一見するととても地味で、地道な取り組みではありますが
コツコツ続けることで高い評価を受けるようになったのが愛媛県松山市にある松山空港です。
松山空港はごくごく普通の地方空港です。
就航路線を見ても特徴的なものはありません。
どこにでもあるような地方空港ですが、一方で自転車愛好家の間ではとても評判が良いです。
彼らがSNSに書き込んだ観光情報や口コミなどを見て、更に利用客が増えという
サイクリスト達の間で好循環が起きているのです。
もともと愛媛県と広島県はサイクリストが多く集まるエリアではありました。
というのも愛媛県と広島県の間には「しまなみ海道」というサイクリングロードがあるからです。

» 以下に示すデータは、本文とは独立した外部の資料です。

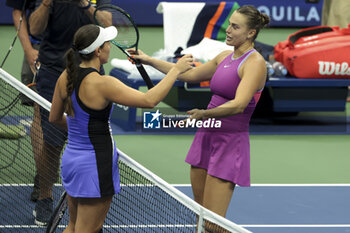 2024-09-08 - Aryna Sabalenka of Belarus (R) hugs Jessica Pegula of USA after winning the women's final during day 13 of the 2024 US Open, Grand Slam tennis tournament on 7 September 2024 at USTA Billie Jean King National Tennis Center in New York, United States - TENNIS - US OPEN 2024 - 07/09 - INTERNATIONALS - TENNIS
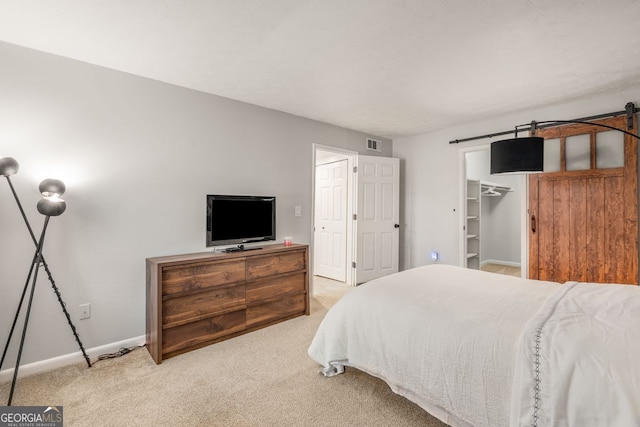 carpeted bedroom featuring a walk in closet and a closet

この海道は全長70kmにも及ぶ長い海道で、同時に日本初の海峡を渡ることができるサイクリングロードでもあります。
台湾にある世界的な自転車メーカー「ジャイアント」の会長が実際にしまなみ海道を走行し
その素晴らしさを絶賛したことから一気に注目が集まったのです。
実際、海、空と一体になりながら潮風を感じ、最高の走行ができると素晴らしいサイクリングロードです。
しかし、この海峡を渡るだけであれば愛媛県でなくとも良いでしょう。
広島県には原爆ドームをはじめとして多くの観光地などがあり人気のエリアでもあります。
そんな中、サイクリストたちが敢えて活動の拠点が愛媛になる松山空港をわざわざ利用するのでしょうか?
これにはきちんと理由があります。
それが松山空港が地道に行っている「おもてなし」です。
松山空港はサイクリストたちが快適に走行するために必要な支援を積極的に行っています。
例えば空港にはサイクルステーションが設置されています。
ここでは自転車に空気を入れたり、各種メンテナンスに必要な整備道具のレンタルなどが可能です。
自転車はそのままでは大きいので飛行機載せることができません。
このため世界中から集まるサイクリストたちは一度自転車をバラバラにして飛行機に積み込みます。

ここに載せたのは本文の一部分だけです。